Pollution Tied to Heart Attacks – Could Hispanics Be at Risk?


The polluted air we breathe could be leading to more heart attacks. It’s especially troubling for Latinos, who already have a higher tendency to asthma.
VOXXI reports that, “Individuals with peak exposure to air pollutants, such as those emitted by cars and factories, have a 5 percent increased risk for heart attacks, indicates research from Rice University. While men, non-Hispanic blacks and people older than age 65 had the highest risk factors in the data, Hispanics may actually be at increased risk with already high cardiovascular disease rates and being more likely to live in polluted areas.”
The study was conducted on residents in Houston, Texas and revealed that exposure to air pollutants for as little as two days greatly increases a person’s risk of heart attacks. Individuals living in poorer urban areas, especially Latinos, are at an increased risk. Travel to heavily polluted areas could also increase the risk.
“We already have higher rates of asthma than others in our country because Latinos live in poor communities where there are lots of air pollutants, but especially we are looking at smog and ozone,” said Elena Rios, president and CEO of National Hispanic Medical Association back in 2011. At that time, the National Resources Defense Council (NRDC), National Latino Coalition on Climate Change, the Center for American Progress and the National Wildlife Federation joined forces to bring about awareness regarding the risk of pollution exposure for Latinos.
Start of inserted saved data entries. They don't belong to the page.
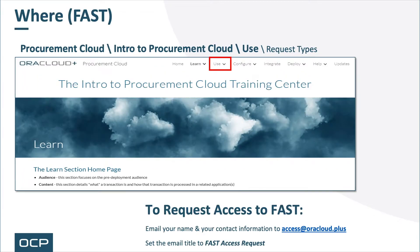This video snippet, as with all video snippets, can be found within Oracle Cloud Plus' FAST — the Fusion Application Support Tool. It can be found within the Procurement Cloud Training Group and the Intro to Procurement Cloud Training Center under the Use menu option. To request access to FAST, email your name and contact information to access@oracloud.plus. Please remember to put 'FAST access request' in the email title.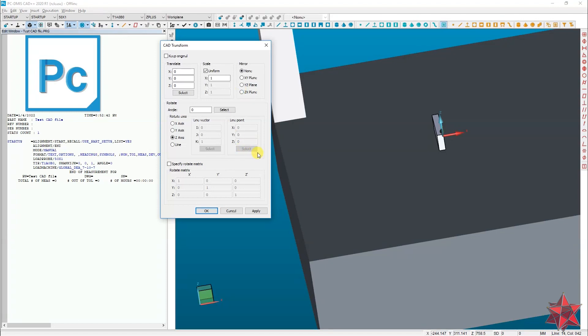So use this option if you want to rotate or translate your CAD model in PCDMIS. Hope the information helps you. Have a nice day.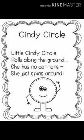Here is a poem on circle which says: Little Cindy Circle rolls along the ground, she has no corners, she just spins around.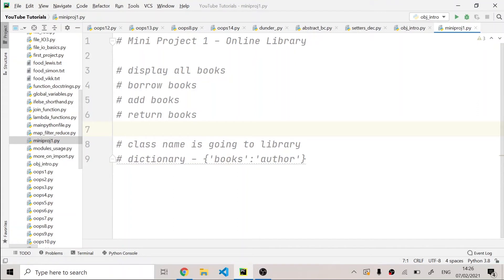If you want to extend this project further, what you can do is write a Flask website and incorporate it — you can link that Flask website to this online library, then you can make an online library website and use it as a backend project. This is a really good project to put on your resume and CV, showing that you made an online library using the OOP concept.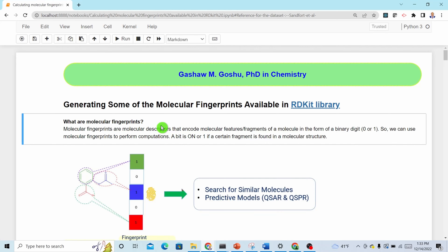Hi everyone. The purpose of this video is to show you how to generate some of the molecular fingerprints that are available in RDKit. RDKit is a popular open source cheminformatics library, so I will use this library to generate molecular fingerprints.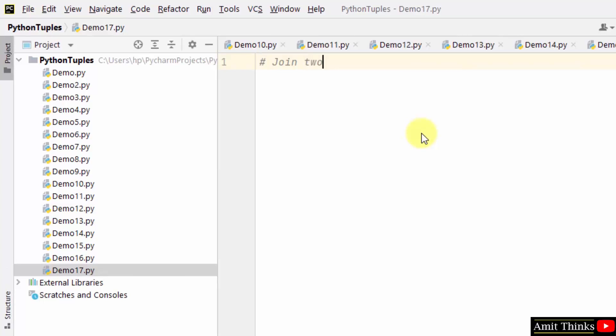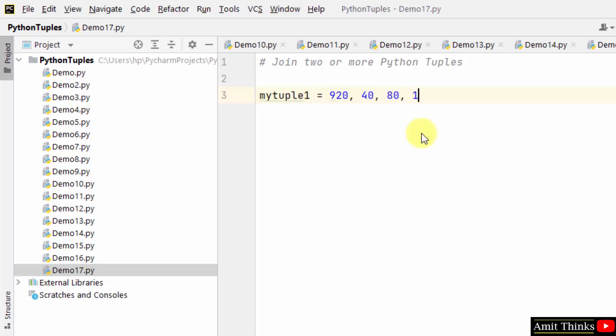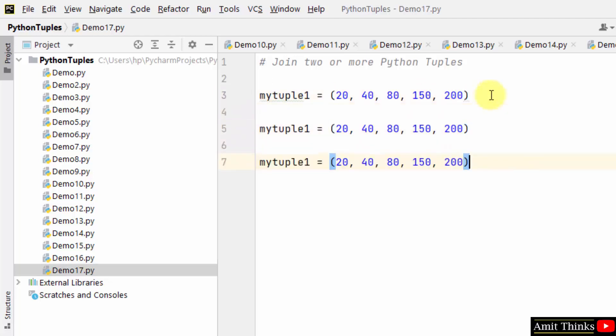We will see how to join two or more Python tuples. For that, let us create a tuple first. OK, we created it. Now let us create another tuple, then the third tuple, and we will join all three.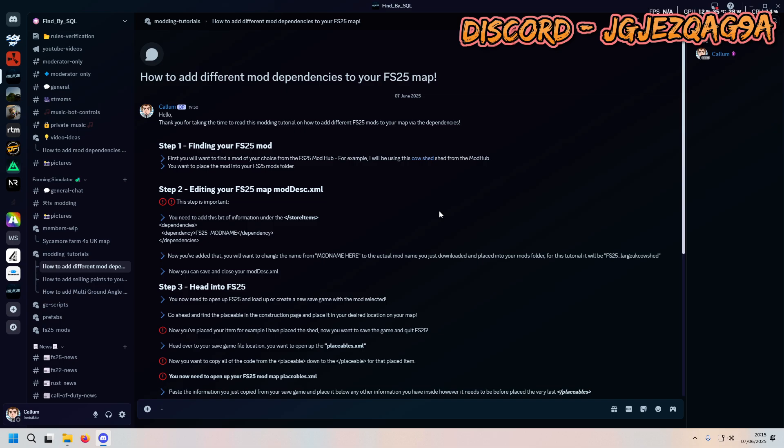Hey there guys, how you doing today? My name is Callum and today I'm going to bring you a quick and easy tutorial on how to add different mod dependencies to your FS 2025 map.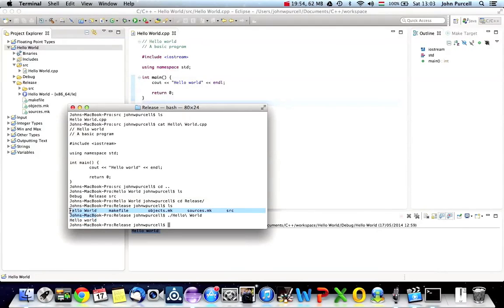You could probably just copy this binary file and give it to someone else who has a Mac and they could run it, but it's normal with C++ to create installers that put all the right files in the right place. This program is going to be using some shared libraries — code located elsewhere on your system — and the end user might not have those libraries. So it's common to create installers that ensure everything's in the right place. Installers are outside the scope of this tutorial, but it's something you have to learn if you want to distribute C++ programs to end users.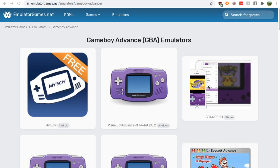Hey guys, it's Nick from Retro Games HQ and today I'm going to show you where you can get a Game Boy Advance emulator for your Windows PC. Just look up GBA emulators and go to emulatorgames.net — when you get there, you'll be taken to this page.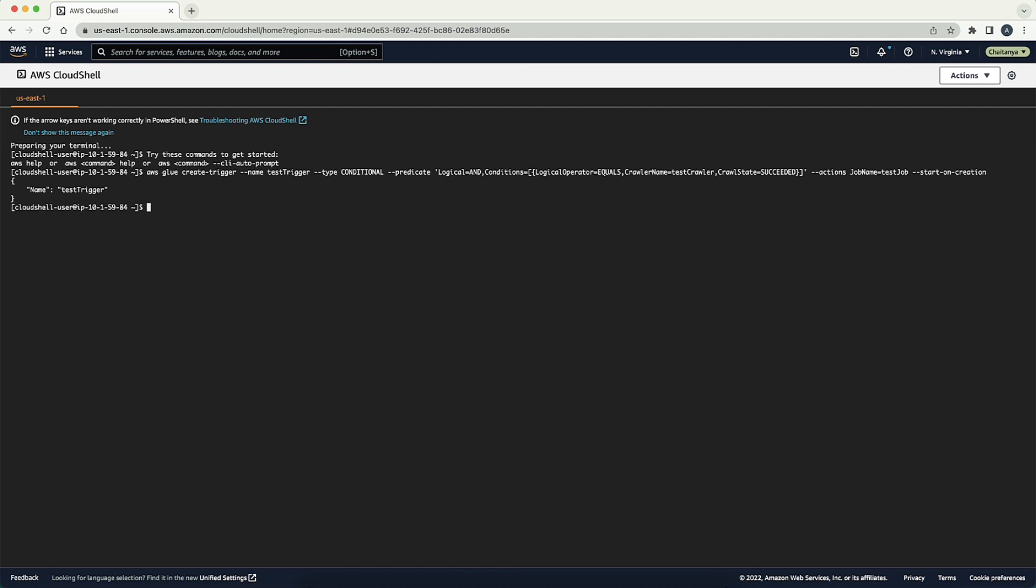You can also create an AWS Glue trigger that starts a job when a crawler run completes using Python Boto 3 SDK. You can run the following code in Terminal on your machine to create an AWS Glue trigger using Python Boto 3 SDK.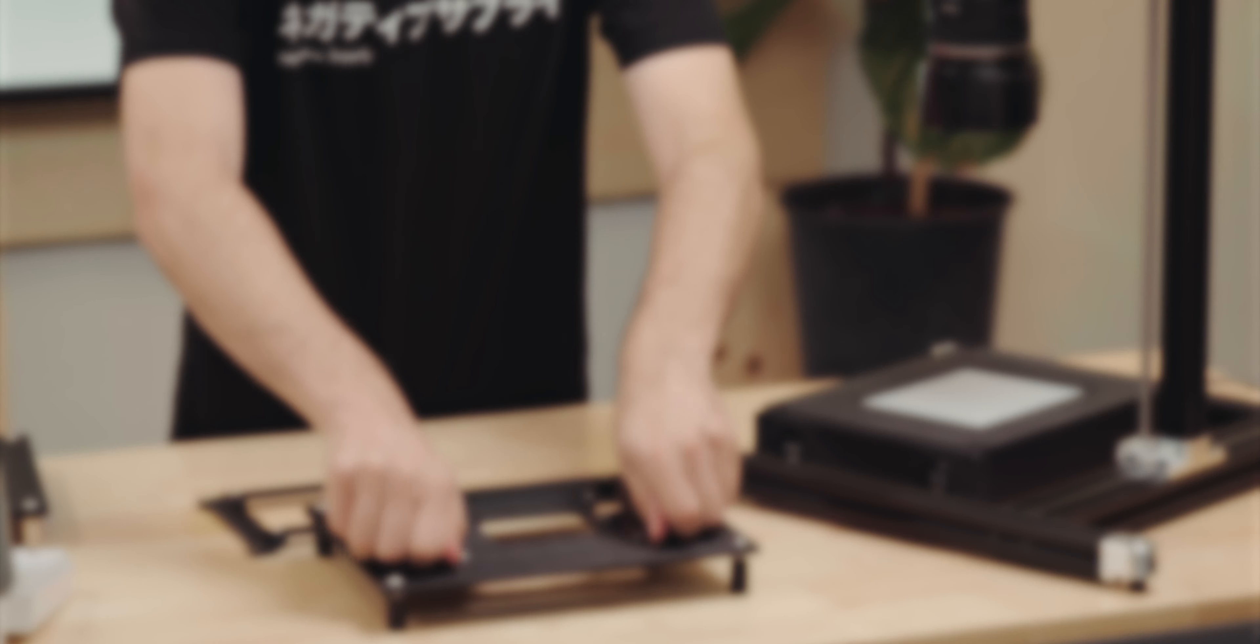Hey everyone, AJ here at the Negative Supply Headquarters, and today we wanted to take an opportunity to make a quick video demonstrating the modularity of our ProMount Mark II.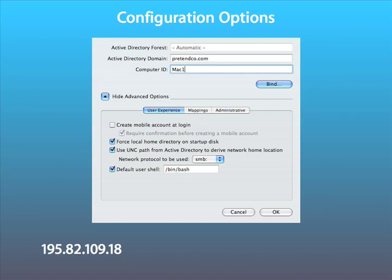The Active Directory plugin has a number of useful advanced features. Under the User Experience tab, we have the following. Create Mobile User Account at Login causes the client to cache the account credentials of the last user to use this machine. This can be handy if your user takes their machine home.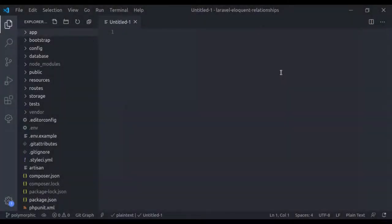Hello developers, welcome back. In the last lesson we have seen the polymorphic one-to-one and one-to-many relationship. Now today in this lesson we will see many-to-many polymorphic relations. It is slightly more complicated than one-to-one and one-to-many polymorphic relation. Let's see an example of it.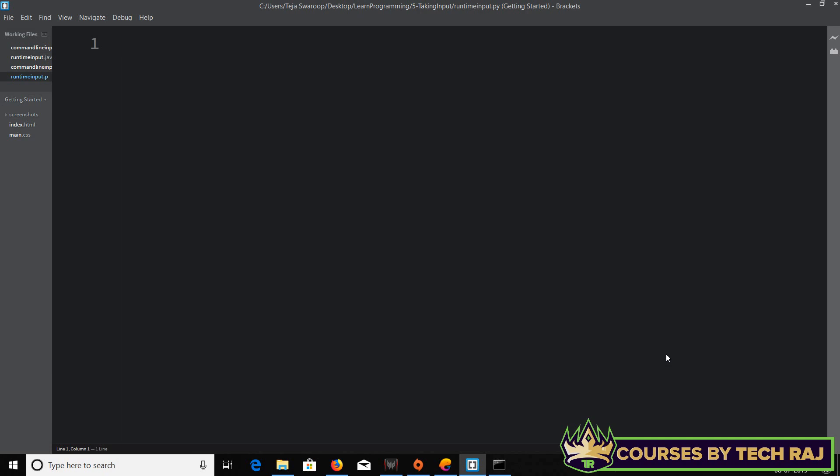All we need to do is use the built-in input() function. This is a Python reserved function that blocks the program — just like in Java — and waits until the user types an input. Only after the user provides input does the program execution resume.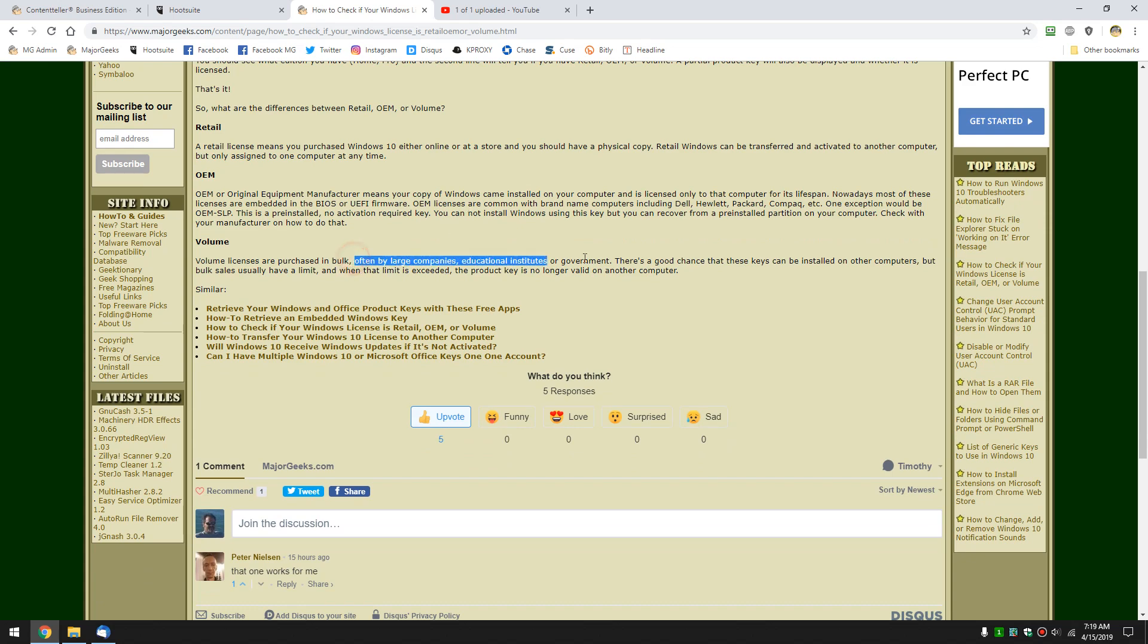The one problem with these keys, of course, is people start using them here and there. And if some of these companies bought 10,000 keys, when they hit 10,000, the key's no good anymore. But, basically, that's all it is. It allows these companies to just mass deploy with a single license.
Latinos have a higher incidence of asthma suffering in comparison to non Latinos.  Pollutants are certainly unavoidable, and the increased risk of a heart attack is all the more troubling.
“While the Rice University data found an overall increase in heart attack risk for all people exposed to smog, Hispanics were not specifically named in the study data as a high-risk group. It is not known if the Houston-specific study found a higher prevalence of cardiac arrest among men, non-Hispanic blacks and the elderly due to unique population densities or due to outstanding health factors already predisposing those groups to heart disease,” Voxxi reported.